Would you copy out each line of the records below that includes the word "toggle"?

◆ **The data**:
****************

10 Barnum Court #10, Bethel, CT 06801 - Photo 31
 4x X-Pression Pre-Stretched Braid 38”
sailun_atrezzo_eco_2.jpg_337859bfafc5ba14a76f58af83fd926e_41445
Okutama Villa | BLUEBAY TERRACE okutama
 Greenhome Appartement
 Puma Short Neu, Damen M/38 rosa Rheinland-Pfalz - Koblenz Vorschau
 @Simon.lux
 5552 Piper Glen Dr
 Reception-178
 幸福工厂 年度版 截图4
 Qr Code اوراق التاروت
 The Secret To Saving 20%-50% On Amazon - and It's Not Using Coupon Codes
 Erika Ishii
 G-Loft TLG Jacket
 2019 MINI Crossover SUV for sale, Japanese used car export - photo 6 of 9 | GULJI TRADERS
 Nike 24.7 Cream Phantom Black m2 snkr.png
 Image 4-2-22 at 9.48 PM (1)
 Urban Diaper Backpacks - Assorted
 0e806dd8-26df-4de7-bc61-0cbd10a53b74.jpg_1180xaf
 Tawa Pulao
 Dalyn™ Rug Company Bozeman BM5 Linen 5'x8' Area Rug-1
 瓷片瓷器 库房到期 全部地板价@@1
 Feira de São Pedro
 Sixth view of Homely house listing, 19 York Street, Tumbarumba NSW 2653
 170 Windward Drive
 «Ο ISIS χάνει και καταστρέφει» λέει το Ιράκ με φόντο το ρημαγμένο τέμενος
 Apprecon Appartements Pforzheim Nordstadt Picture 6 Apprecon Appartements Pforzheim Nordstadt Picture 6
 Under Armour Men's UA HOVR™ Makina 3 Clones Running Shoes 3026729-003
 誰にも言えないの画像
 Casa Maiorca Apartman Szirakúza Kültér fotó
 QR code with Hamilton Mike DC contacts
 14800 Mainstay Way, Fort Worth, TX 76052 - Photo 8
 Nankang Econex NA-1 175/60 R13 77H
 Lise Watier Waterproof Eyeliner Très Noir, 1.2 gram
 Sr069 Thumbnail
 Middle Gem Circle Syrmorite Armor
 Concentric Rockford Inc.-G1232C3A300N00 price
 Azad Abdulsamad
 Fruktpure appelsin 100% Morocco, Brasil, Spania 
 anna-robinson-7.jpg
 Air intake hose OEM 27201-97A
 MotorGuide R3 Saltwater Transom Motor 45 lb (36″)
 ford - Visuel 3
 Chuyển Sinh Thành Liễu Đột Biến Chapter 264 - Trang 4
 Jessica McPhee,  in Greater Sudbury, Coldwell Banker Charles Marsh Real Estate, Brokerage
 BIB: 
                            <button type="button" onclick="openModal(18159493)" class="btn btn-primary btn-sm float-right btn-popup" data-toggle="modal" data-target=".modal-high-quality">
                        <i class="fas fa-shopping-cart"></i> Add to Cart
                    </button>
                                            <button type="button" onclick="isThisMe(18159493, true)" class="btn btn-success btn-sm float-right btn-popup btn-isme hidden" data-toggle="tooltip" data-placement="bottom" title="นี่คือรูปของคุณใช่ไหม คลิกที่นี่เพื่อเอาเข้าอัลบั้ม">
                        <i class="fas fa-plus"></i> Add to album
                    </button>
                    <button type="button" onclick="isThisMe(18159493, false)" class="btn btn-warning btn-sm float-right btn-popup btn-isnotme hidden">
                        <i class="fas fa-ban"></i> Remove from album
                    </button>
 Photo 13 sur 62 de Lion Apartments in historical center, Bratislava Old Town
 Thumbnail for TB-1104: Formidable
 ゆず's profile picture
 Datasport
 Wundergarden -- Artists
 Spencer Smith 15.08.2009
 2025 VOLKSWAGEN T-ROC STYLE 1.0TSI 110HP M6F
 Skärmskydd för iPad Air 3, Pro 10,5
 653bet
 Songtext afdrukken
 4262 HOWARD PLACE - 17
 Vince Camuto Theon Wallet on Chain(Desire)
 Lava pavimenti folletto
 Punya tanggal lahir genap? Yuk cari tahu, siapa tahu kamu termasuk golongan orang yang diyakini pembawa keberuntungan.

****************

◆ **Response**:
                            <button type="button" onclick="openModal(18159493)" class="btn btn-primary btn-sm float-right btn-popup" data-toggle="modal" data-target=".modal-high-quality">
                                            <button type="button" onclick="isThisMe(18159493, true)" class="btn btn-success btn-sm float-right btn-popup btn-isme hidden" data-toggle="tooltip" data-placement="bottom" title="นี่คือรูปของคุณใช่ไหม คลิกที่นี่เพื่อเอาเข้าอัลบั้ม">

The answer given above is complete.